To answer that, let’s begin with traditional commercial marketing. Why, given the persuasiveness of all the commercial messaging, don’t we just buy every single product available? A professor of marketing might begin by offering two answers. The first is competition. Every marketing message has to compete with rivals. You see an advertisement for a car and you’re convinced that the best sports coupe in the world is a BMW. But a few seconds later you are confronted with an ad for a Mercedes coupe, then an Audi. Each makes different claims and, more important, evokes a different ambience: the Mercedes suggests increased success in life, perhaps, while the BMW might flatter your image of yourself as a skilled driver, and as for the Audi—well, maybe precisely by not being either a Mercedes or a BMW, it seems to confer on you an individualism and lack of conformity (at least compared to other buyers of expensive German cars).
The second is empirical feedback. When we consume products or use services, we are able to put marketing promises to the test. A movie studio may claim in its marketing materials that a given film is the funniest ever made, but if the opening-night audiences discover there isn’t a laugh in it, by the following morning the grim truth will be there for all to see on Rotten Tomatoes and IMDb. Many products are what economists call information goods—you can assess the quality of the product only after consuming it—but if shoppers are unhappy with the product they bought, they won’t come back for more, and they may well tell their friends to avoid it as well.

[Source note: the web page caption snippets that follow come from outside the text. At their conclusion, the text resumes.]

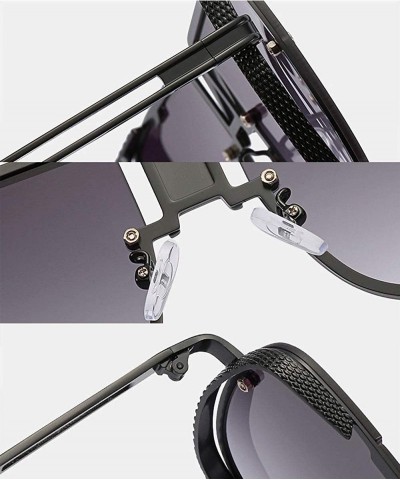 Square Retro Pilot metal square sunglasses for men woman Flight mechanical sunglasses UV400 Protection - 5 - CU1923OTSSK $10.44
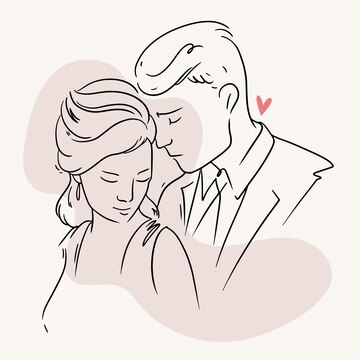 Premium Vector  Sketch of a young couple in love.line art in a minimalist  style.modern art.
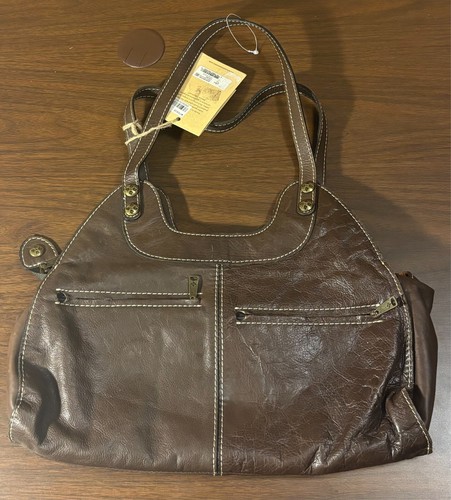 Borsa/borsa/borsa Patricia Nash marrone cioccolato pelle italiana Ergo borchiata - Foto 6 di 13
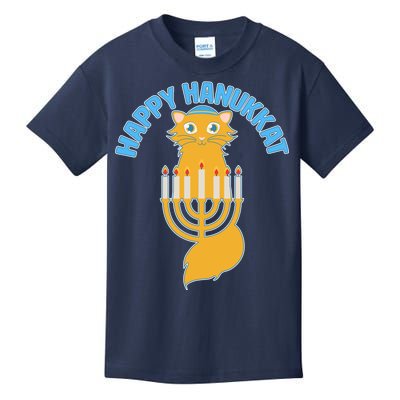 Happy Hanukkat Hanukkah Jewish Cat Kids T-Shirt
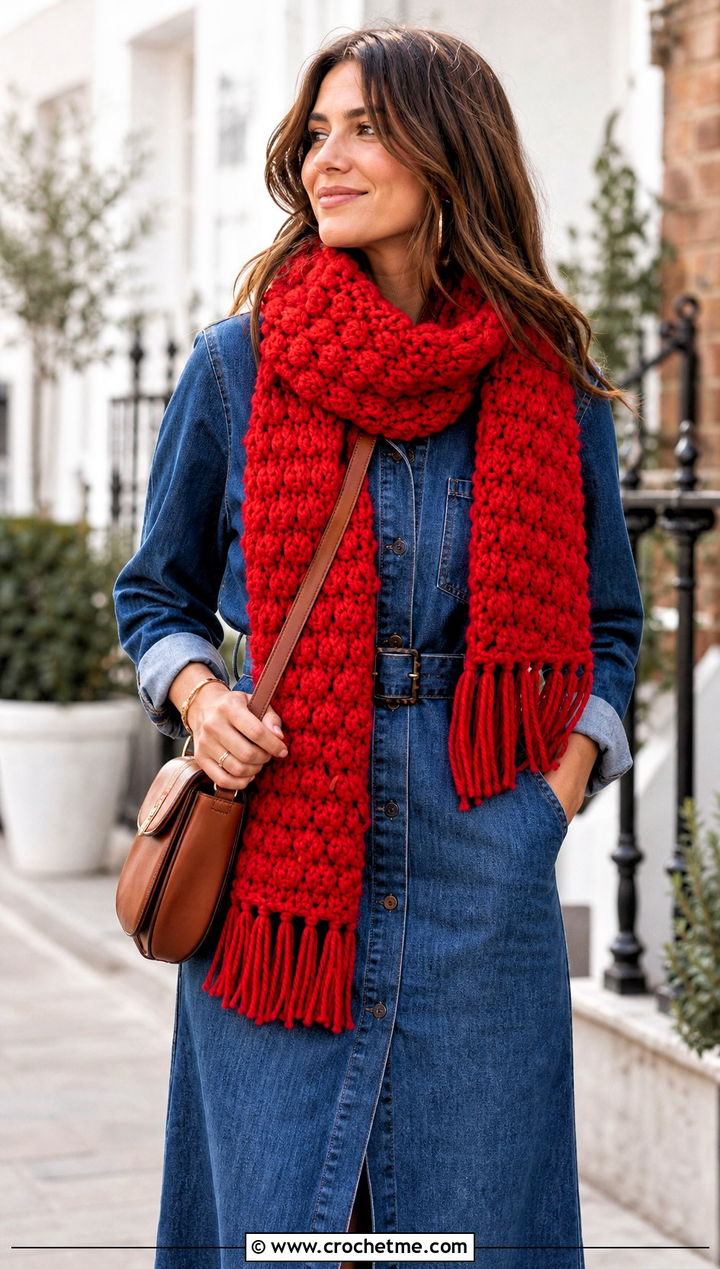 Puff Stitch Fringe Scarf With Denim Dress - 25 Crochet Scarf Fringe Ideas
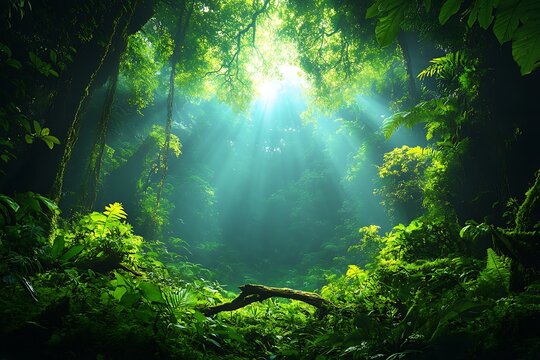 Sunbeams Illuminate Lush Green Tropical Rainforest Canopy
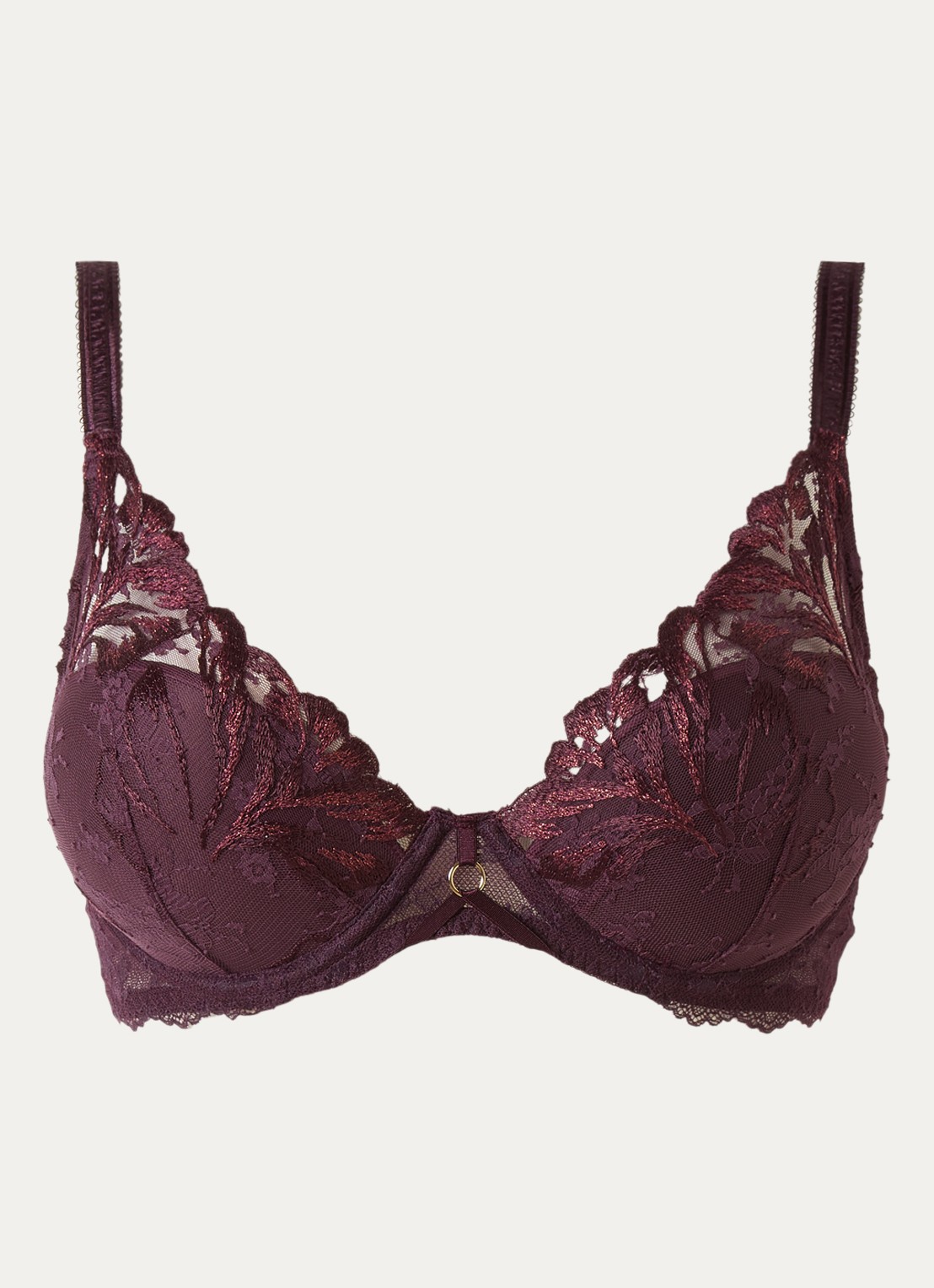 Chantelle Li voorgevormde beugel bh met overlay van mesh - voorkant aubergine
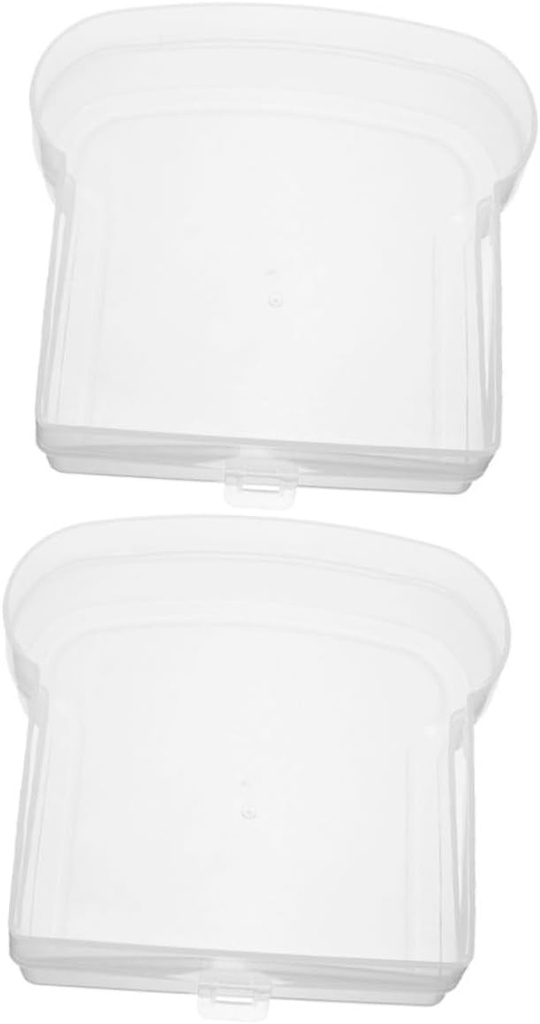 PRETYZOOM 2pcs Portable Transparent Sandwich Storage Containers Food-grade Material for Indoor and Outdoor Use Lightweight and Safe Bread Boxes for Toast and Snacks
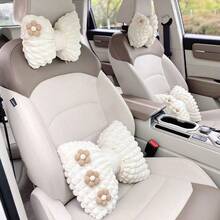 Car Headrest & Lumbar Support Pillow Set, Creative Floral Design Neck Rest And Waist Cushion, Comfortable Car Interior Accessories, For Comfortable Long-Distance Travel, Neck Protection, Waist Protection, Car Puff Detachable And Washable, Suitable All Seasons - Beige - View 2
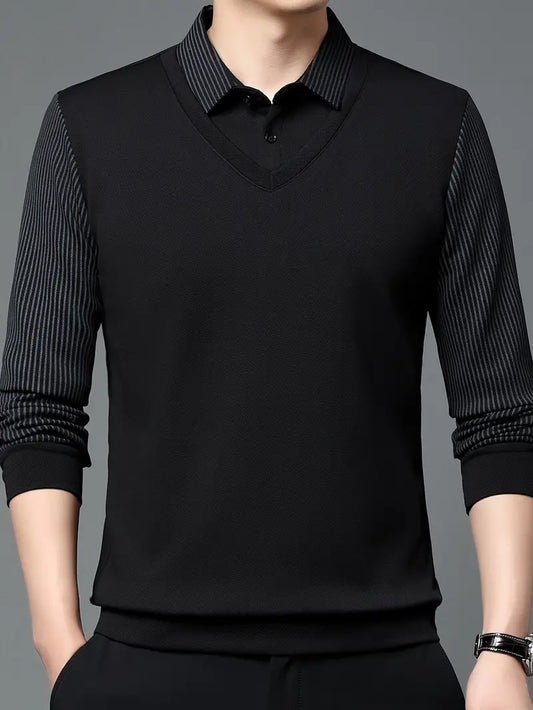 POLO A 2 PIECES NOIR AU DESIGN ITALIEN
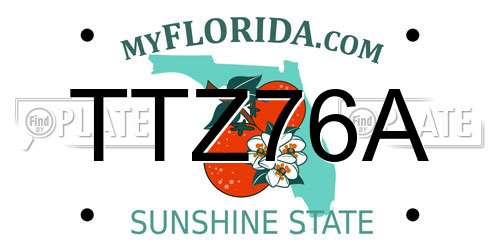 TTZ76A Florida License Plate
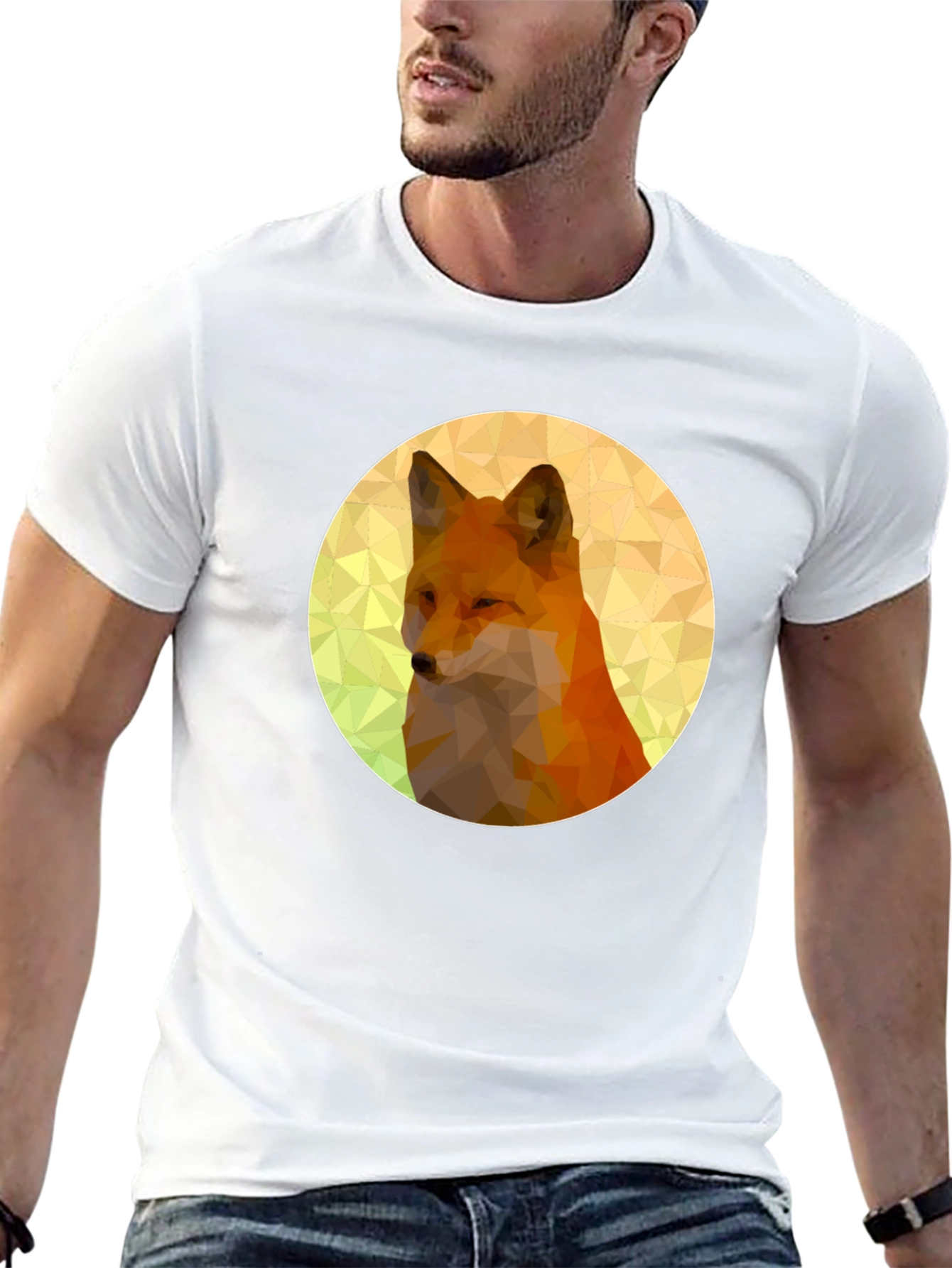 Geometric Fox Graphic Black T-Shirt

Both competition and empirical feedback depend on the human ability to subject consumer choices—and rhetorical claims—to a process of critical discrimination and to make an assessment, in the light of both the immediately available information and broader life experience, of which is the best or the most credible. The Greeks called this faculty phronesis, a form of practical wisdom or judgment that they distinguished from sophia, the wisdom they associated with scientific and abstract knowledge. Cicero called it prudentia in Latin, and the English word prudence is an apt term for it.
It is prudence that arms us against unwarranted marketing claims, by allowing us to perform a sense check on anything that sounds too good to be true, and the same goes for any other kind of persuasion. In mature and well-functioning political and rhetorical environments, awareness of the public’s capacity for prudence encourages politicians who otherwise might be tempted to promise the earth to show some restraint.